_Work item_
The required output is the exact run of lines in the listing below from the line holding "a glass vase with a label on it on a table" through the line holding "istock Retro Rocket", with no pictures.

_Data supplied_
■ ■ ■ ■ ■
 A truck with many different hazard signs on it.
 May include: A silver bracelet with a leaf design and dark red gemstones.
■ ■ ■ ■ ■
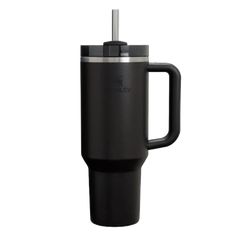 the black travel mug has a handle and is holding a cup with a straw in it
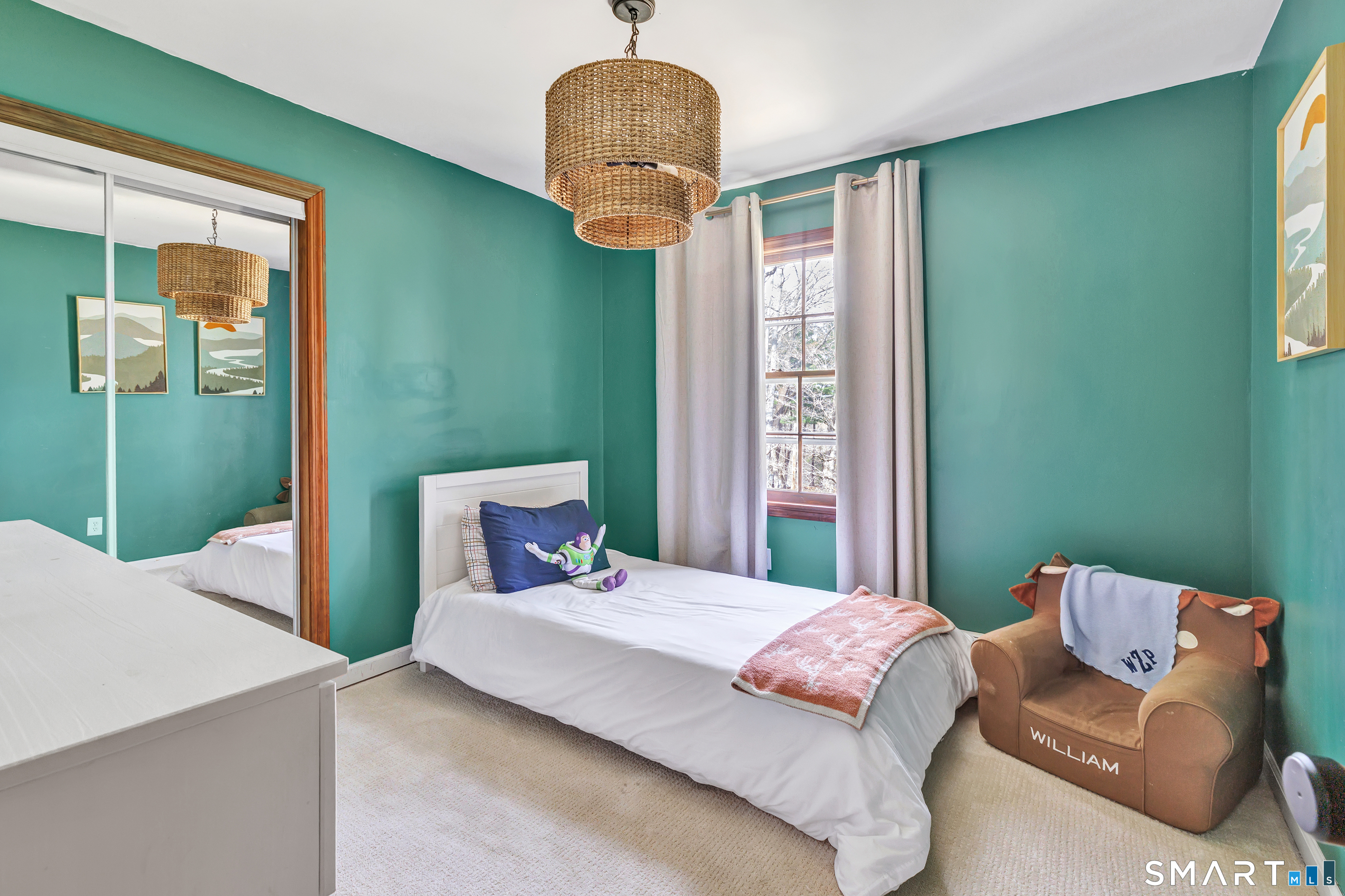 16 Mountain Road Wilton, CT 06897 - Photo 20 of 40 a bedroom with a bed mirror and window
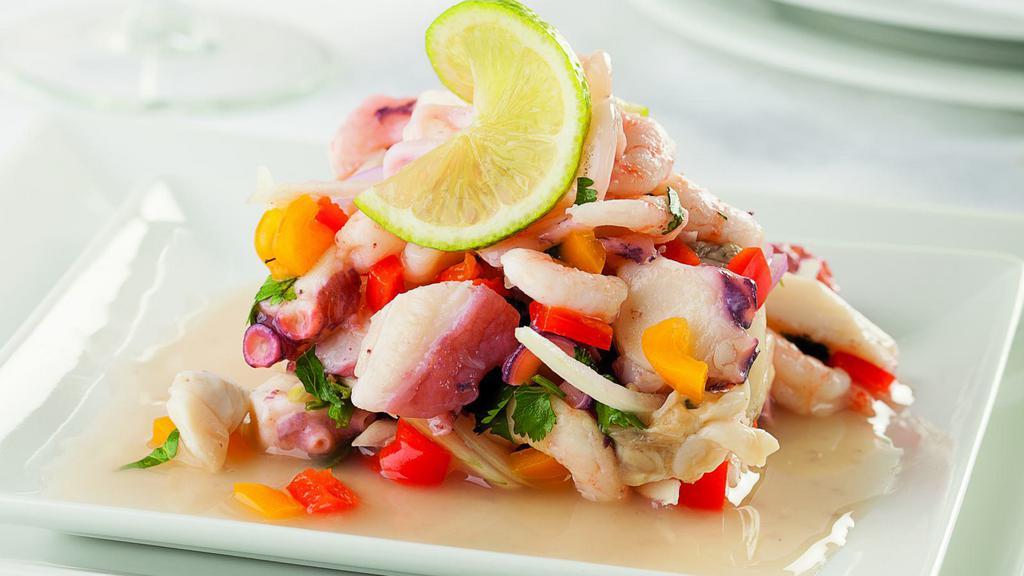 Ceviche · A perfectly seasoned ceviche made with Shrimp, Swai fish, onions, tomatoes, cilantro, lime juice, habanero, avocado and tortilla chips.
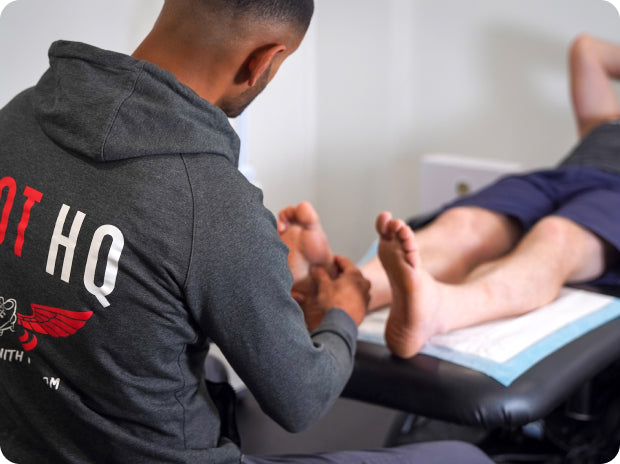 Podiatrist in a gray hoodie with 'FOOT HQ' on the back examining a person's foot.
■ ■ ■ ■ ■
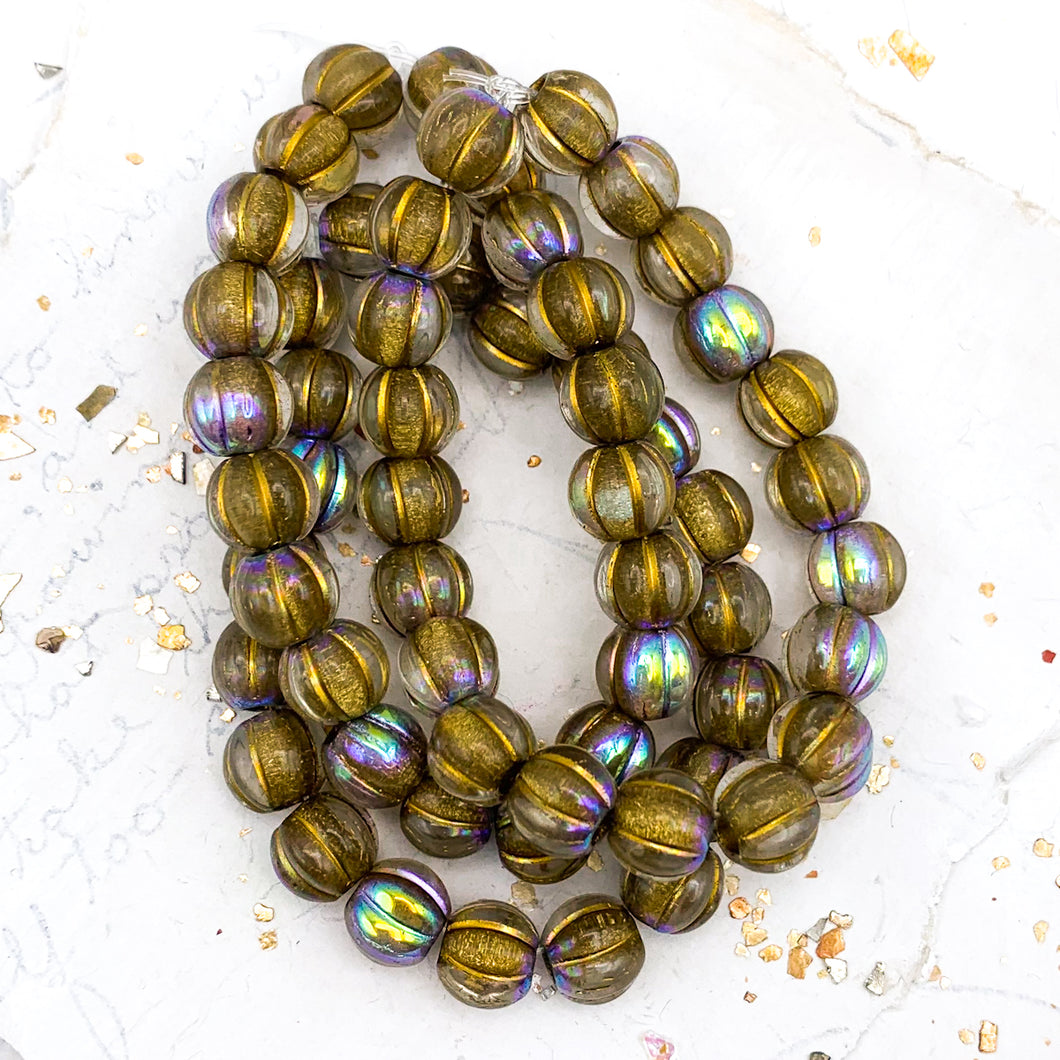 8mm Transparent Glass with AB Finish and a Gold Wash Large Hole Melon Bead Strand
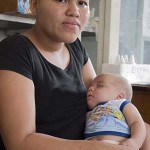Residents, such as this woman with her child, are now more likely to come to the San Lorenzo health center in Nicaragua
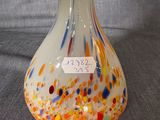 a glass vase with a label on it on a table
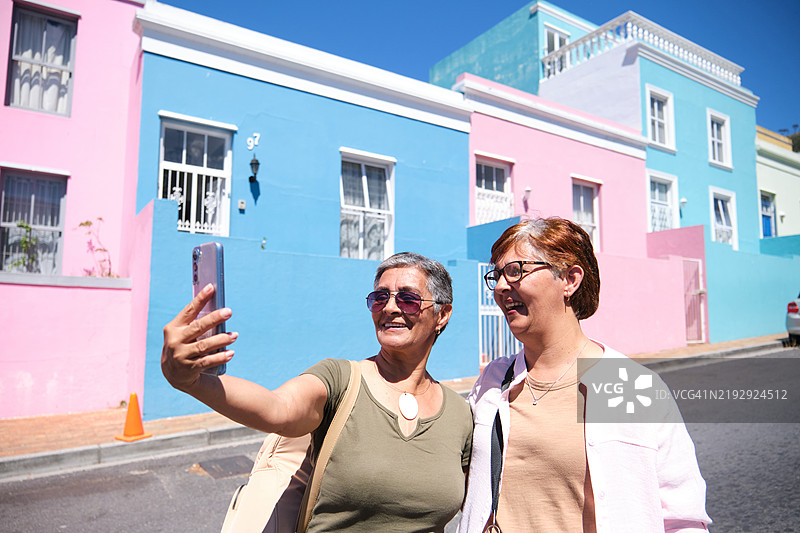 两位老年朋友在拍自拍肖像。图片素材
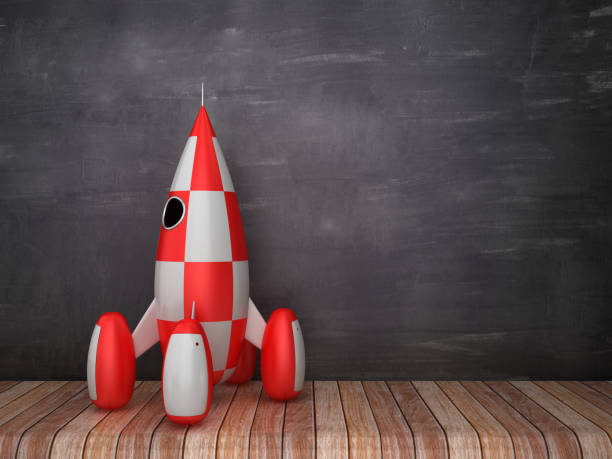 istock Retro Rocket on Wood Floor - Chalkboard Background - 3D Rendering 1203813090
■ ■ ■ ■ ■
_Output for this exercise_
 a glass vase with a label on it on a table
 两位老年朋友在拍自拍肖像。图片素材
 istock Retro Rocket on Wood Floor - Chalkboard Background - 3D Rendering 1203813090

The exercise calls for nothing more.